La misión se impone a la responsabilidad. El parteaguas decretado con antelación debe cumplirse y nada hará que se desvíe o posponga, ni siquiera el inflamable coctel de agudas crisis —sanitaria, económica y de seguridad— que tienen al país en una situación límite.

López Obrador pretende lograr el lugar privilegiado en la historia nacional que se autoasignó mediante el establecimiento estructural de su hegemonía política. Si el costo es el desastre, no importa, una vez garantizada su permanencia y la de su grupo en el poder, relegando a la oposición a la marginalidad, ya habrá tiempo para preocuparse en resolver los graves problemas que azotan a la población.

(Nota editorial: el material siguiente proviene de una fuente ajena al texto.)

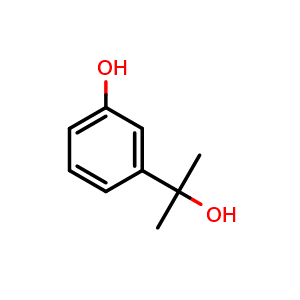 Chemical structure of 3-(2-Hydroxy-2-propyl)phenol , CAS 7765-97-1, AChemBlock U135792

Como no hay epopeya sin villanos poderosos, temibles e inescrupulosos al acecho, el oficialismo denuncia alucinantes conspiraciones golpistas por expresiones sociales más moderadas que las que ellos tenían cuando eran opositores.

Ya lo sabemos, AMLO siempre jugará el papel de víctima, aunque sea el mandatario con más poder en un siglo. Al igual que Donald Trump y Jair Bolsonaro, ubica a la prensa libre como su verdadera oposición y, en lugar de refutarla con datos y razones, busca restarle credibilidad mediante infamias.

La polarización promovida desde la presidencia deja secuelas. Negar legitimidad al disentir e identificarlo con la corrupción cierra espacios al diálogo y la política. Haríamos bien en vernos en el espejo estadounidense y sopesar lo que puede pasar cuando el Presidente cultiva el encono.